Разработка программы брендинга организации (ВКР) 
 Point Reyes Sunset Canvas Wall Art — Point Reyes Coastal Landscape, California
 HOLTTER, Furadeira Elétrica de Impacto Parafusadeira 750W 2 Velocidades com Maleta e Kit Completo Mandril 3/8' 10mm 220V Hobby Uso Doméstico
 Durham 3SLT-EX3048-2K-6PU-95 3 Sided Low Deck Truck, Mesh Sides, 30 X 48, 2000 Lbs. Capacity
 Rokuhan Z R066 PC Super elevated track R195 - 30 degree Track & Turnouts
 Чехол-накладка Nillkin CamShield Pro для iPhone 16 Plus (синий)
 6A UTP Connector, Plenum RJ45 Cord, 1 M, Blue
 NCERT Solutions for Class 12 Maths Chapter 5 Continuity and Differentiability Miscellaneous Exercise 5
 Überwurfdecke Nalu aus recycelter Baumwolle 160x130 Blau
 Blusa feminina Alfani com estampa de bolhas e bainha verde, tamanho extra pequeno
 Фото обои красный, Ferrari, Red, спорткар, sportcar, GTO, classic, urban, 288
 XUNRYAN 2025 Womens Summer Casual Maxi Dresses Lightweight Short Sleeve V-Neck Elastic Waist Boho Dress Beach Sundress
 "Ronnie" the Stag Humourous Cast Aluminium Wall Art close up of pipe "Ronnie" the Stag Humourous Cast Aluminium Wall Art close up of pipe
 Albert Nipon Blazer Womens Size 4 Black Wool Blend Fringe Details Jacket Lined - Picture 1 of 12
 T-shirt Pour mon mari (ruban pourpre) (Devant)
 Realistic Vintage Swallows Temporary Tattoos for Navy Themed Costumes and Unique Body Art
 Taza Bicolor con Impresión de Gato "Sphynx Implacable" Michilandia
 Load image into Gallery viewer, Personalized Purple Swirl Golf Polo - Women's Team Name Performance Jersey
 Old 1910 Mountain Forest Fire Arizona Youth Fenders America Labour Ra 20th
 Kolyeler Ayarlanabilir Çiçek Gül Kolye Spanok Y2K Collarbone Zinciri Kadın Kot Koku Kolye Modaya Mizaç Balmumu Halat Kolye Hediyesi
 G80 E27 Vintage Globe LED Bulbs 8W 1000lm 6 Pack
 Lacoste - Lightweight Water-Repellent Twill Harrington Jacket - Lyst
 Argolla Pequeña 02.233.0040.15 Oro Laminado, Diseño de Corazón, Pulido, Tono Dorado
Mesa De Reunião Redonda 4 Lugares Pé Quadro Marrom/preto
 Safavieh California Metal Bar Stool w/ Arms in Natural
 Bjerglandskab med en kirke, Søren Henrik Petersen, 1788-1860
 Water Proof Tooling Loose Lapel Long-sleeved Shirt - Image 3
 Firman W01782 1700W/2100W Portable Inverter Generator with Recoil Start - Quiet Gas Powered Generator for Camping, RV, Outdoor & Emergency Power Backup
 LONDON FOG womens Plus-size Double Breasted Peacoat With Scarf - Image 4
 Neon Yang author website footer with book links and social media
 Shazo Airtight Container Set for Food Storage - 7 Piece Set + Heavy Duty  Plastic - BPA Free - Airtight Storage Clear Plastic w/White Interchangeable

_ _ _ _ _

■ **WHAT IS EXPECTED**
Which lines hold the string "Jacket"? Copy all of them from the data above.

■ **RESPONSE TO THIS EXERCISE**
 Albert Nipon Blazer Womens Size 4 Black Wool Blend Fringe Details Jacket Lined - Picture 1 of 12
 Lacoste - Lightweight Water-Repellent Twill Harrington Jacket - Lyst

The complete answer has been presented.